COLUMBUS _ "You know, there's only one thing wrong with the world," Uncle Chet paused, then dropped a log onto the stack.
"Maybe in your world," I was on my knees, feeding the last, heavy, freshly cut ash into an old wheelbarrow.
"The rich have all the money," he said. "Every other problem, from war to health insurance to global warming, stems from that injustice. And of course, the rich, and their minions in politics and media, are Republican."
"Of course," I got up slowly, reached down for the taped wooden handles, ready to wheel the load.
"And I love it when the rich cry poor, because I love dark comedy," Uncle Chet said. "They talk about shared sacrifice, then go buy a Mercedes and only two secretaries this year. To me, the nation's biggest crisis is the disconnect between the super rich and the rest of us, although you can't really blame the rich."
"No?" I grunted, wheeling, trying not to dump the load.
"No, because the only feedback they get is at the country club from each other, or from people who know they have to kiss up, let alone dare mention that someone is being piggy."
I lowered the handles, stretched my back, looked over at this septuagenarian in a T-shirt and green Jets cap who was slowly, methodically stacking logs.
He shrugged at me, said: "They talk about cutting back, trimming our waistlines, but I say those with the widest girth need to trim the most. The concentration of wealth and power has never been greater in this country. We're headed for rule by trillionaires, for crying out loud, barons more powerful than groups of nations."
"Who's the richest?" I said.
"I don't know, but we have hundreds of billionaires," he said, "and they control almost everything because money is power."
"The power to remain anonymous," I said.
"The country's broke because of the Bush wars and the banksters, but the crazy thing is we have more money in circulation than ever. We should be flush, but most of the money the government's pumping out is going into a few selected pockets."

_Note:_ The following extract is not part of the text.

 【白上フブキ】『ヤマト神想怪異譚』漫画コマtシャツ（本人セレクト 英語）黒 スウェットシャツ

"Some things never change," I said.
"So while people on fixed incomes are being squeezed, millions facing foreclosure, others working two jobs, scrimping, Republicans are getting richer, profiting on disaster, so cocky now they no longer disguise plans to destroy Medicare, Social Security, all the public commons. And the response from the middle class, the unions, is feeble because so many have fallen off the ladder."

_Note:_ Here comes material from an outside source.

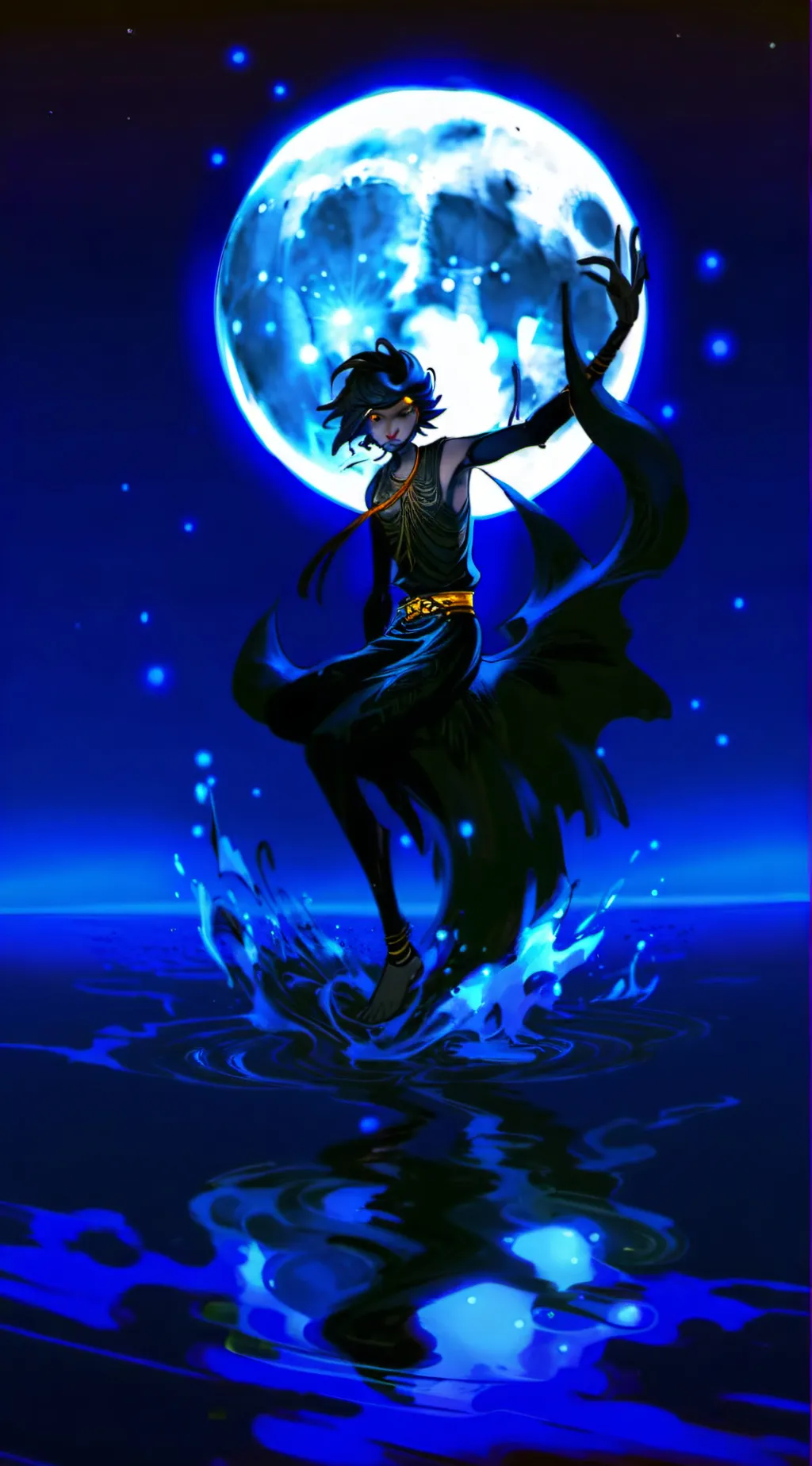 ai character: Moon sea siren(Au) background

"Look at the Republicans, going after teachers, that last regiment of a dying breed, those who believed that if they worked long and hard, they could raise a family and retire in their 60s."

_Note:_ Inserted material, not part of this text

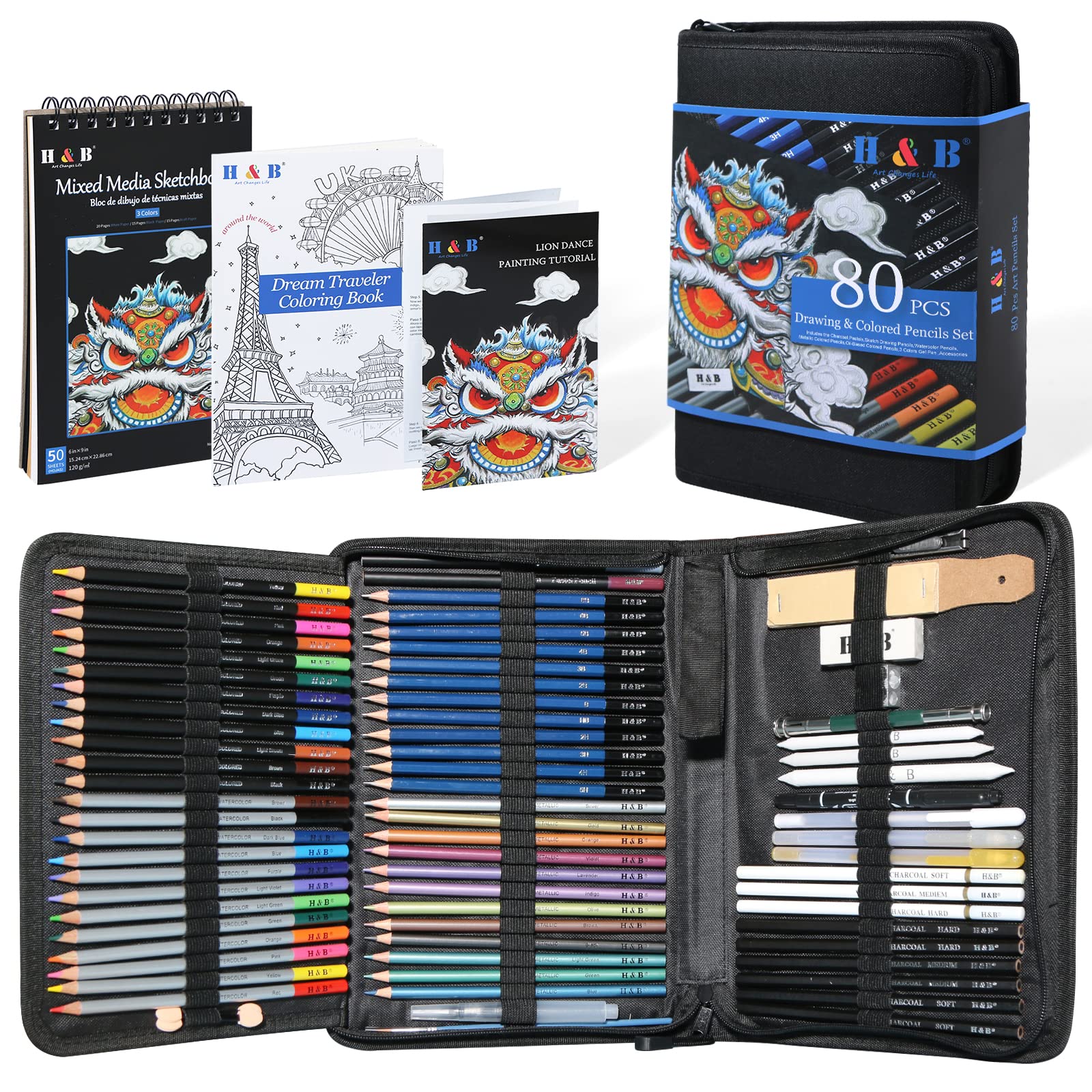H & B 80pcs Drawing Set Sketching Pencil Set, Professional Colouring Pencils With Colouring Book,3 Colors Sketchbook,Art Supplies for Adults,Artists,Beginners — image 1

"The nerve of them," I said.
"Look at the Republicans going after Elizabeth Warren, using that weasel from North Carolina to snarl at her because she has the temerity to stand up for consumers, because she wrote 'The Two-Income Trap: Why Middle-Class Mothers and Fathers Are Going Broke.'"
"Never heard of it," I said.
"You ought to read it. She's arguably the best friend we have in government, and the big banksters are trying to take her out," he said.
"Swiftboat her," I said.
"Well, that's the way the shadow government operates; they just order up a media hit and bid the job out to those who depend on their money. Then, presto _ because no job is too big or dirty for someone _ John Kerry, Barack Obama or Elizabeth Warren find themselves being raked over the coals on Fox TV."
"I don't watch TV."
"You know the channel: `we distort, you absorb."
"How about the Democrats, though," I said. "They're not pure."
"Some aren't much better than Republicans, although some, like Dennis Kucinich, are great," he said.
"He has a beautiful wife," I said.
"He's anti-war, pro-worker, pro-Social Security, pro-Medicare, pro-single payer, pro-public power; he grew up poor and remembers where he came from."
"Like Paul Wellstone."
"Sure. Democrats still have a few heroes, and if you want to find one, it's easy. Just observe who the Republicans are trying to throw under the bus."